I figured after the Kent State killings, the revolution the youth seemed to want would be in the streets, but what I saw was, that everyone went home and became their parents, if you get my drift…
Have a nice day…
Laz
Wow, let’s hope not. I remember the 70’s as the beginning of the yuppie era, rejection of the (somewhat suspect) ideals of the 60’s, but at least there were some (shaky) ideals in the 60’s, unlike the vacuous, drug-fueled (especially the rise in cocaine use) 70’s! This sounds conservative but it isn’t. So much damage was done, so much ground (and precious time) lost. Admittedly there was some good music.
…experiences familiar to both Western Muslims and anyone of mixed heritage
—> March 22, 2021
Medina Tenour Whiteman stands at the margins of whiteness and Islam. An Anglo-American born to Sufi converts, she feels perennially out of place—not fully at home in Western or Muslim cultures.

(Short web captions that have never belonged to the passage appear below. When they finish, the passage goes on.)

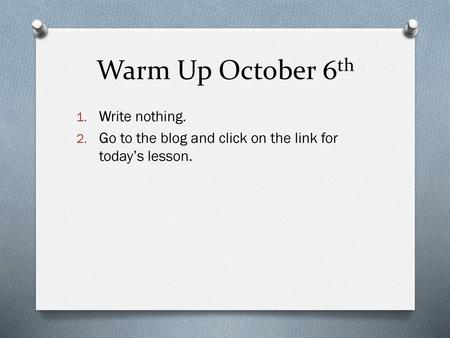 Warm Up October 6th Write nothing.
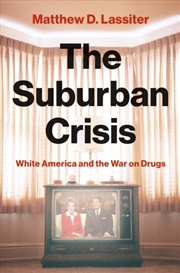 Buy The Suburban Crisis : White America and the War on Drugs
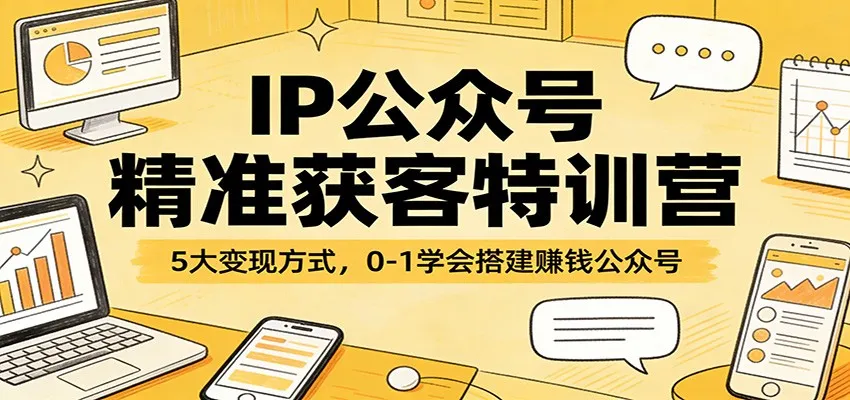 IP公众号精准获客特训营：5大变现方式，0-1学会搭建赚钱公众号-706资源网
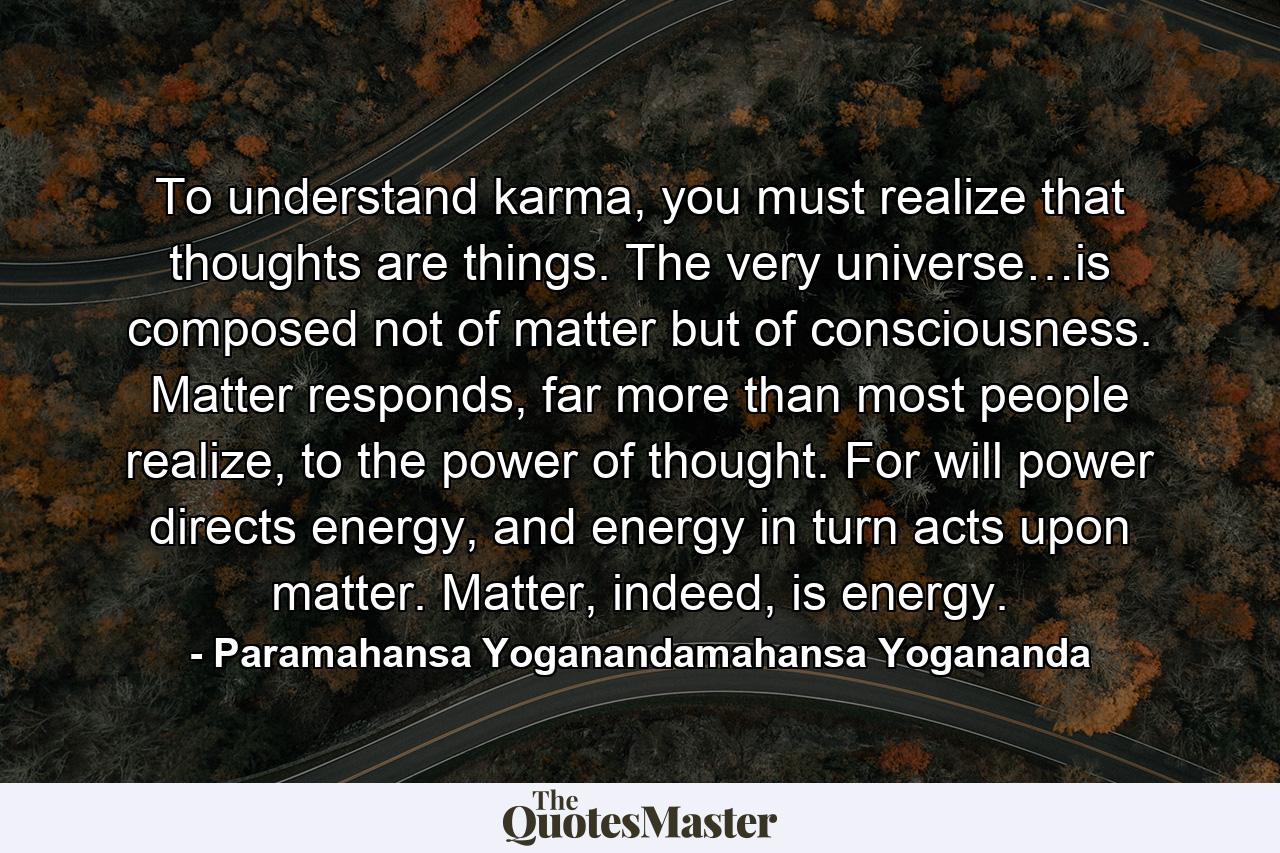 To understand karma, you must realize that thoughts are things. The very universe…is composed not of matter but of consciousness. Matter responds, far more than most people realize, to the power of thought. For will power directs energy, and energy in turn acts upon matter. Matter, indeed, is energy. - Quote by Paramahansa Yoganandamahansa Yogananda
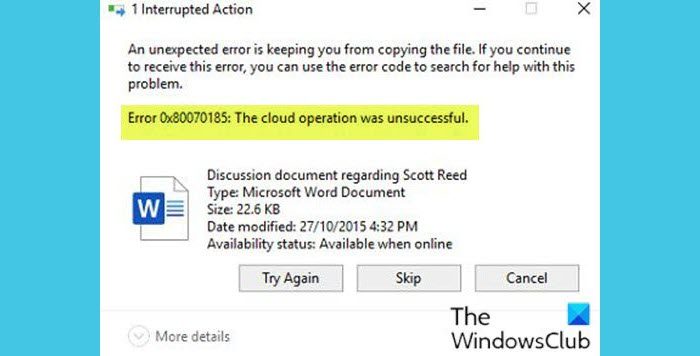 OneDrive Error 0x80070185, The cloud operation was unsuccessful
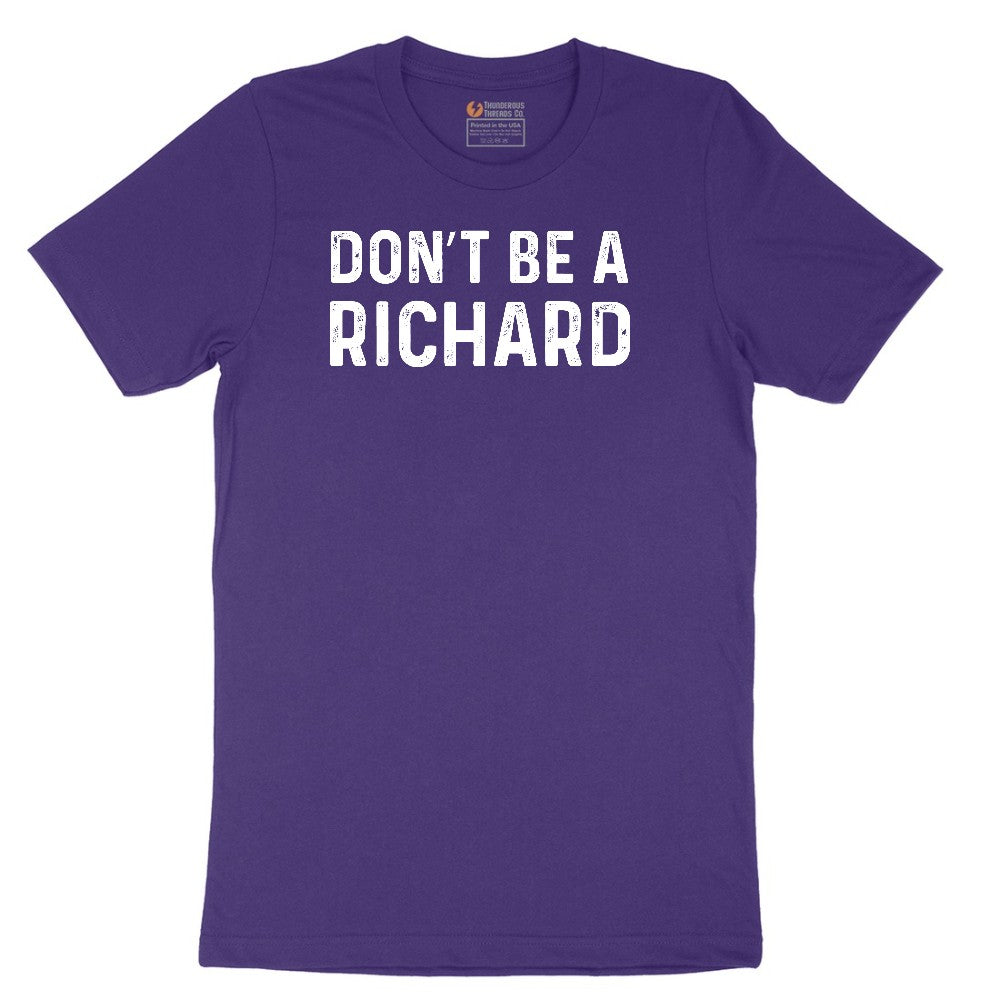 Don't Be a Richard - Mens & Ladies T-Shirt Short Sleeve Tee - Team Purple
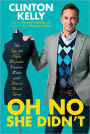 Oh No She Didn't: The Top 100 Style Mistakes Women Make and How to Avoid Them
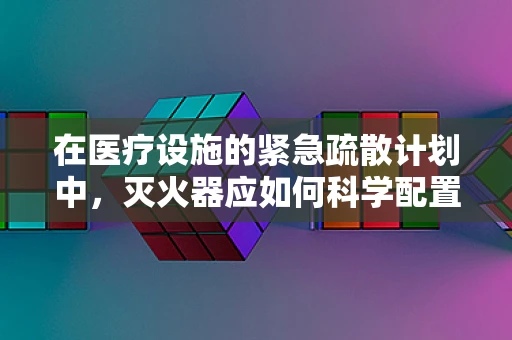 在医疗设施的紧急疏散计划中，灭火器应如何科学配置与使用？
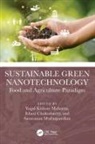 Yugal Kishore Chakrabartty Mohanta, Ishani Chakrabartty, Yugal Kishore Mohanta, Saravanan Muthupandian - Sustainable Green Nanotechnology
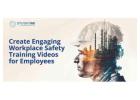 Create Engaging Workplace Safety Training Videos for Employees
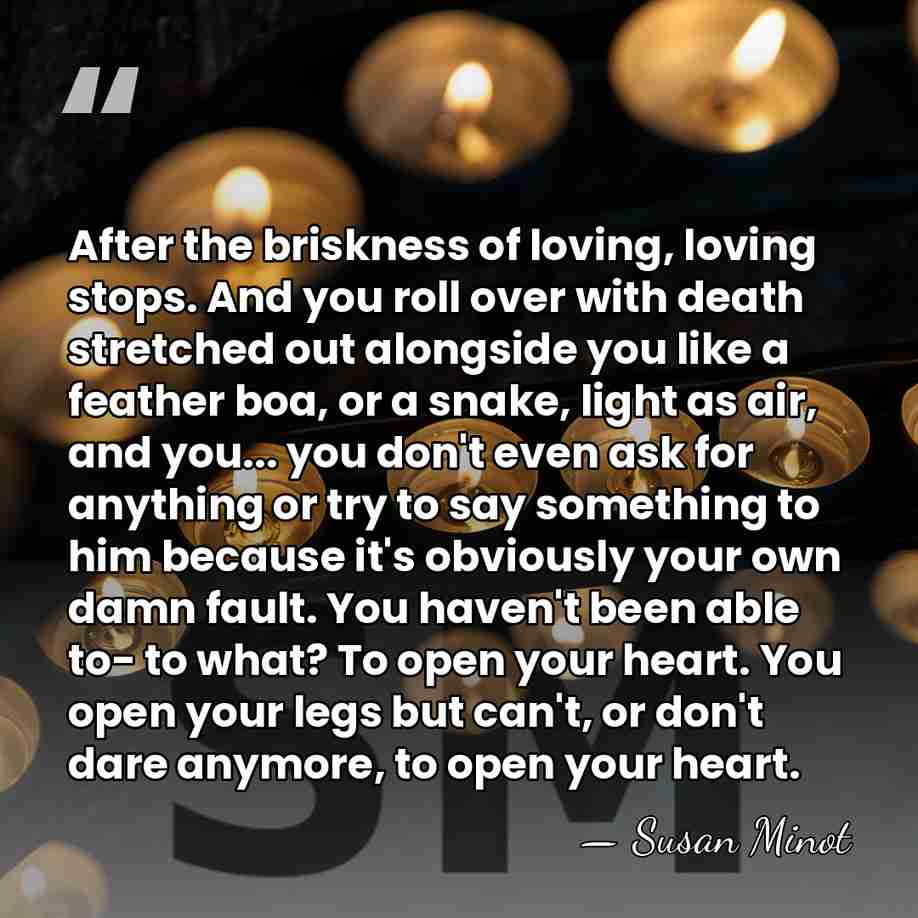After the briskness of loving, loving stops. And you roll over with&hellip; - Susan Minot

In her latest searingly honest memoir, The Invisible Muslim: Journeys Through Whiteness and Islam, Whiteman contemplates what it means to be an invisible Muslim, examining the pernicious effects of white Muslim privilege and exploring what Muslim identity can mean the world over—in lands of religious diversity and cultural insularity, from Andalusia, Bosnia and Turkey to Zanzibar, India and Iran.
Through her travels, she unearths experiences familiar to both Western Muslims and anyone of mixed heritage: a life-long search for belonging and the joys and crises of inhabiting more than one identity.
https://www.amaliah.com/post/61277/invisible-muslim-journeys-whiteness-islam
Consciousness challenge: The late eminent NYU renal physiologist Homer Smith in his book “From Fish to Philosopher”(Doubleday, 1953) on the evolution of the kidney added an epilog, “Consciousness,” speculating on its evolution. Required reading in Zoology 51 (LSU 1964)
Dom DiMaggio is not in the Hall of Fame.
Baseball is weird.
As a little kid I attended a D-League game at the home field of the Santa Rosa Cats managed by Vince Dimaggio, the third Dimaggio brother. I believe he was still playing in addition to his managing duties. Vince married a Fort Bragg girl and is buried in the Fort Bragg cemetery.